Mascara (1999) from Johnny Web (Uncle Scoopy; Greg Wroblewski) and Tuna

Two thumbs way down:

Scoop's comments in white.

To duplicate Mascara at home, take a month's summary of the plot threads on Days of Our Lives. and condense them to a 90 minute script. When you film the script on a video camera, make sure that all the sex scenes, and even some non-sex scenes, involve plenty of nudity.

The story begins with the wedding of one late twentyish woman (Lumi Cavazos), who is attended by her two best friends (Amanda De Cadenet and Ione Skye). It then follows each of their lives for the next fourteen months, weaving their stories together.

To give you the flavor of the entire film, I'll summarize the life of the Ione Skye character. She's having a live-in affair with an older man. His daughter comes to live with them, and Ione suspects that there is something unhealthy between the man and his daughter (insert organ chord). Because of her suspicions, her commitment to the relationship wanes, and she takes up with a sexy younger guy (organ chord). The older guy catches her with the younger guy (very dramatic organ chord) and it turns out that they are father and son (even more dramatic organ chord).  Before that little surprise, none of the three had been aware of the connection.

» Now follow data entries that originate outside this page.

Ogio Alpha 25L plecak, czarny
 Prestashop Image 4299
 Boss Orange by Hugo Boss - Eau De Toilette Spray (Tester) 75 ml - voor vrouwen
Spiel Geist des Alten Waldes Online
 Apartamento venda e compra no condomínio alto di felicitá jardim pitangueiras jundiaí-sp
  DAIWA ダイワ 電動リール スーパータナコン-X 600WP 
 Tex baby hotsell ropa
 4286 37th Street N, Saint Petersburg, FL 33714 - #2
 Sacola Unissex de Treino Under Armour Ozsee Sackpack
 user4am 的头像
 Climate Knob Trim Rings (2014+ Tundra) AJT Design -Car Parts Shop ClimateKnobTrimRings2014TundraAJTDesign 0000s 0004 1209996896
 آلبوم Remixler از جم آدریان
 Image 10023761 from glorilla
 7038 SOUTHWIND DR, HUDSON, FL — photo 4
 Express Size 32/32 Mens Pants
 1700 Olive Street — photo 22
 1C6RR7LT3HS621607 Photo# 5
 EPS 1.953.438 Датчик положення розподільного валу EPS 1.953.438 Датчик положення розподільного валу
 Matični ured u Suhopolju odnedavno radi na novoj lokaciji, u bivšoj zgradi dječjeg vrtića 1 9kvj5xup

Take that kind of material and multiply it times three women, and that's Mascara.

I thought perhaps that this unwatchable mess could be justified by a certain chick-flick cachet, but it turns out that the few women who have rated it at IMDb despise it, scoring it 2.1/10 - a low enough score to make it the 13th worst movie of all time. Linda Kandel has not worked as either writer or director since this film.


Ione Skye shows her breasts frequently, and also flashes her pubic area in two scenes.

Corey Page shows his buns.

Amanda De Cadenet walks around naked in one scene, trying to provoke her husband. The pubic exposure is minimal, but everything is there sooner or later.

DVD info from Amazon

  • no meaningful features

  • no widescreen

To make it all even less engaging, many scenes are shot with a hand-held camera, and the hand holding that camera is dizzyingly unsteady. Finally, the director chose to do editing techniques with the camera instead of in the editing room. For example, in a two person conversation, instead of cutting from one person to another, the unsteady camera moves back and forth nauseatingly, in real time.

There is a good reason why this film submerged after its brief theatrical trial in 1999, and did not  resurface on video until many years later. Avoid it if you want to see quality entertainment, but by all means enjoy the nudity, which is plentiful, and often in excellent light.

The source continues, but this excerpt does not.